### About this task
Copy each line below exactly and leave the pictures out.

### Supplied material

BEGIN

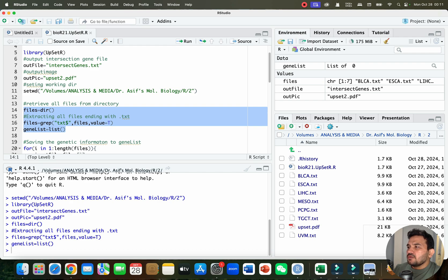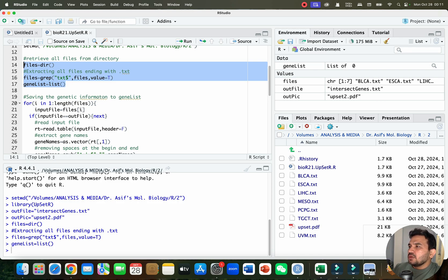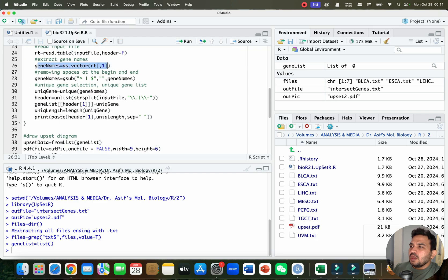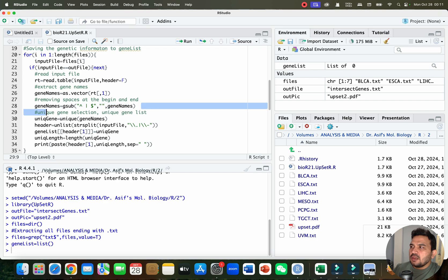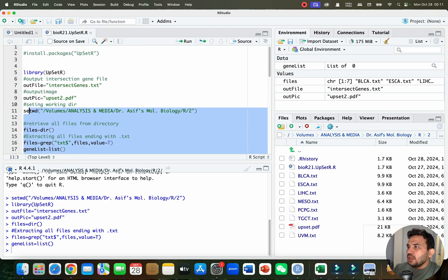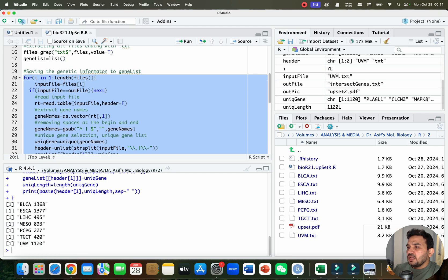Now we need to save the genetic information in the form of a gene list. We will read the input file, extract the gene names, remove any spaces, and then create unique gene names. I will select all this code and run it together to save the genetic information as a gene list. You can see it has saved the list.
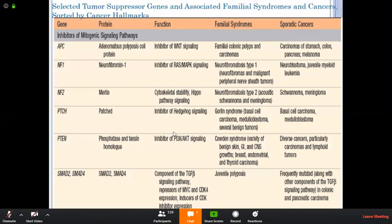Here are the tumor suppressor genes and associated familial syndromes and their cancers, including the inhibitors of microRNA signaling pathways. The gene APC, by the protein adenomatous polyposis coli, functions as an inhibitor of the WNT signaling pathway, producing familial polyposis and carcinomas in sporadic genes. They will produce carcinomas of the stomach, colon, pancreas, and melanomas.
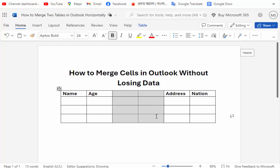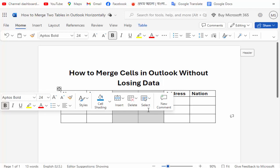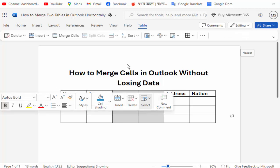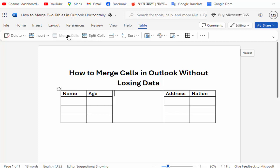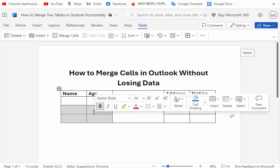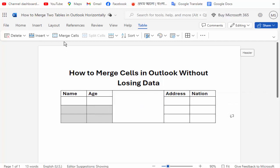Go to the Merge option, then click that. Then again select the table and click for Merge Cells.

END

### Response to the task
Now we need to save the genetic information in the form of a gene list. We will read the input file, extract the gene names, remove any spaces, and then create unique gene names. I will select all this code and run it together to save the genetic information as a gene list. You can see it has saved the list.
Here are the tumor suppressor genes and associated familial syndromes and their cancers, including the inhibitors of microRNA signaling pathways. The gene APC, by the protein adenomatous polyposis coli, functions as an inhibitor of the WNT signaling pathway, producing familial polyposis and carcinomas in sporadic genes. They will produce carcinomas of the stomach, colon, pancreas, and melanomas.
Go to the Merge option, then click that. Then again select the table and click for Merge Cells.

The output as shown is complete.